Homework Assignment #3

Due in class 4/29

You are to implement a hidden Markov model for gene finding and apply it to E. coli data.

The Model

Your HMM should have the architecture shown in this figure. This model has four groups of states plus a silent start state and a silent end state. The four groups of states are intended to represent noncoding sequences, start codons, internal codons (i.e. codons in genes excluding the start and stop codons of the genes), and stop codons.

Each state in this model is able to emit only a single DNA base. Therefore, you don't need to represent emission probabilities.

The blue arrows show the transitions among the states of each group. The orange arrows show the transitions that cut across groups. The figure uses thick orange arrows as shorthand for several sets of transitions:


The training data for estimating the parameters of your model can be found in http://www.biostat.wisc.edu/~craven/776/hw3/. The file sequenceOfEcoliStrainM54.txt contans the complete sequence sequence of the main laboratory strain of E. coli. When reading in this file, be sure to discard any whitespace characters.

The file train.seqs contains a list of 100 subsequences that you should use for training. Each line in this file describes a single sequence. The first and second columns list the start and end coordinates for the sequence, respectively. These values can be used to extract the actual sequence from the sequence file. For example the coordinates of the first sequence are [1, 2800]. This means that the first training sequence comprises the first 2800 characters of the E. coli sequence. Note that the index of the first character in the sequence file is 1, not 0. The subsequent columns list the coordinates of the genes contained in each sequence. Each gene is described by a pair of coordinates inside of brackets. For example, the first sequence contains two genes, one that extends from the 190th position of the genome sequence to the 255th position, and one which extends from position 337 to position 2799.
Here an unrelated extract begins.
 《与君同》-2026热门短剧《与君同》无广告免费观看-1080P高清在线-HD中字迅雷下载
All of the sequences in train.seqs start and end with noncoding sequences and have noncoding sequences interspersed between their genes. Moreover, all of the genes are on the given strand.
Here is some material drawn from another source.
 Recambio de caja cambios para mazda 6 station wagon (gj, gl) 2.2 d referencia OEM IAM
You won't need to use the Forward-Backward (Baum-Welch) algorithm for training, since for each of the training sequences it is clear which state "explains" each base. Instead training will consist of counting transition frequencies in the training set and converting these into probabilities. You should use a pseudocount value = 1 for each of the transitions.


To use your model to predict genes in new sequences, you should implement the Viterbi algorithm. Given a test sequence, use the Viterbi algorithm to predict the sequence coordinates of any genes in the sequence. In particular, for each predicted gene, you should report the coordinate of the first base in the start codon and the last base in the stop codon.
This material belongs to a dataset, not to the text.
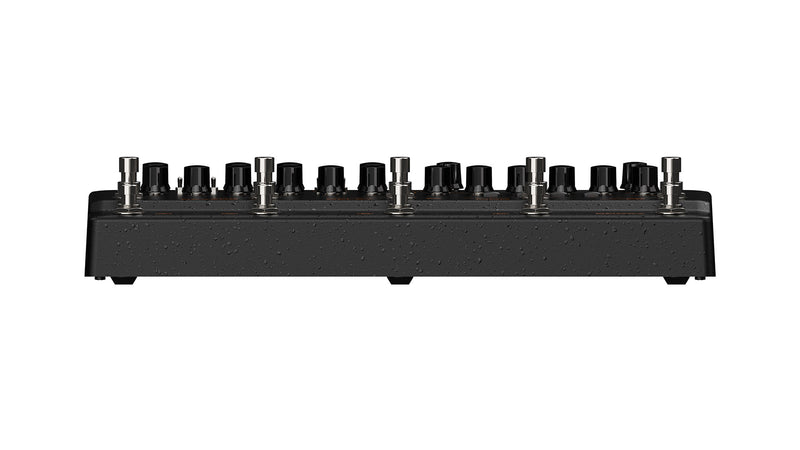 NUX NME-5 Trident Amp Simulator & Multi-FX Pedal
You should test your model using the sequences in test.seqs. The format of this file is the same as the format of train.seqs.

What to Turn In

You should turn in the following
  1. A listing of your program source code.
  2. The path to your program's executable (in case we want to run it).
  3. For each test sequence, the sequence coordinates of the first and last base in each gene you predict.
  4. A brief description (one-paragraph) of how accurate your model was on the test sequences.